In fact Anne's schedule precluded her from attending anything but the opening session. From somewhere in Africa, between Kenya and Zimbabwe, we received the following report: The Director General of UNESCO called on the community to help fulfill individuals, to assist them in gaining capabilities to find their own solutions and to do away with a hierarchy which promotes exploitation through the school system. This theme of seeing traditional education and its vehicle, the school system, as villain was repeated by several speakers. Andre Henry, a French educational minister, said "Popular education, which is what we are concerned with here, has been marginalized, stifled and sterilized for decades. In spite of some progress, we are still dealing with a society characterized by inequalities and elitism. It is, therefore time for each person to consider himself responsible, cease to be an object submitting to decisions in which he or she has not participated and fully to take on the dignity occurring to the free and conscious citizen." This is seen as the mandate and vocation of socialism. This guy also uses terms like "recurrent training" to cope with the "knowledge explosion," political transformations and career changes. Sounds like life-long schooling to me. However I didn't hear any talk of credentialing

Another recurring theme called for the development of new structures which allow for the broadest citizen participation possible. For example a Mexican representative called for a new world order defined by the working people not the Superpowers. Adult ed must separate itself from the Superpowers' agenda by addressing real problems of existence, such as world peace. Literacy, he suggested, is important and an appropriate function of adult ed but not just to read and write in the traditional sense. "We need to read about our realities and write our own history." Further, he suggested that the conference should redefine adult ed, developing bold new policies which emphasize a critical analysis of reality, strengthen the multi-cultural dimension and promote solidarity and creativity among the people.

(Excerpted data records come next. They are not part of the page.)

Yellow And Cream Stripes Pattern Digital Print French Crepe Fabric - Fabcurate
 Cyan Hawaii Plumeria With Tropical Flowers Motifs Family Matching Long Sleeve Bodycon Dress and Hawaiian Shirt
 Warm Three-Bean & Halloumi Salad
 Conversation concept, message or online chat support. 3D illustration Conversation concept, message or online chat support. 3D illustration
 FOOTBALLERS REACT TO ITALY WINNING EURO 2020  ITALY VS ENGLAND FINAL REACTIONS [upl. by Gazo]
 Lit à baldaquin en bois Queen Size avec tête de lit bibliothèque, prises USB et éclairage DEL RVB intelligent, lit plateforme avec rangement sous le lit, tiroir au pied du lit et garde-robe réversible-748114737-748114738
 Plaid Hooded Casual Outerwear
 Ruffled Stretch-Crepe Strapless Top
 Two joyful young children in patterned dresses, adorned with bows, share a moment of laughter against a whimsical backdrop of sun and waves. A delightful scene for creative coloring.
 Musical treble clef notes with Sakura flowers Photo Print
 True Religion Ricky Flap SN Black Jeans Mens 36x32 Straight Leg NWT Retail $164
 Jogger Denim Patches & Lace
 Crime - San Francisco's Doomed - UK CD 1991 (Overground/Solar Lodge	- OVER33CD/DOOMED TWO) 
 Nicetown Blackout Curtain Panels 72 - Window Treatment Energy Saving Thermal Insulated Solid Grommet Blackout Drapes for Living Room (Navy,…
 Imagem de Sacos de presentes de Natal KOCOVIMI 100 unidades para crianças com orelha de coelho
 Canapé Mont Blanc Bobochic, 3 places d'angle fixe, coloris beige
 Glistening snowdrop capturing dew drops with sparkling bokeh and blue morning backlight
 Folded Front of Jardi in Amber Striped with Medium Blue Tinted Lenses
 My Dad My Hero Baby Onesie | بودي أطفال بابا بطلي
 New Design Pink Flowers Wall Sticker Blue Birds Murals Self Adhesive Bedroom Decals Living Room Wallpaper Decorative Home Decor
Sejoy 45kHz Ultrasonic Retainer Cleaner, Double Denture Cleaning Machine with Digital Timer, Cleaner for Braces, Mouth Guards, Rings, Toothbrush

Generally, it was exciting to hear adult educators and others express commitment to the consumers of adult ed, particularly their empowerment, versus the self-serving rhetoric about the adult educator's future usually put forth at AEA.

Women Making History

Sue Davenport writes us that she and others at the Women's Studies Program, University of Illinois at Chicago, have organized a two-day conference on using women's history for secondary and post-secondary teachers and activists in community and labor organizations. "Women Making History: Women's Work, Women's Culture" will be held on April 15-16. "Women Making

History" is the Midwestern conference in a series of eight regional conferences funded by the Organization of Historians (OAH) and the Fund for the Improvement of Post Secondary Education (FIPSE) to disseminate teaching packets on women's history developed by the OAH.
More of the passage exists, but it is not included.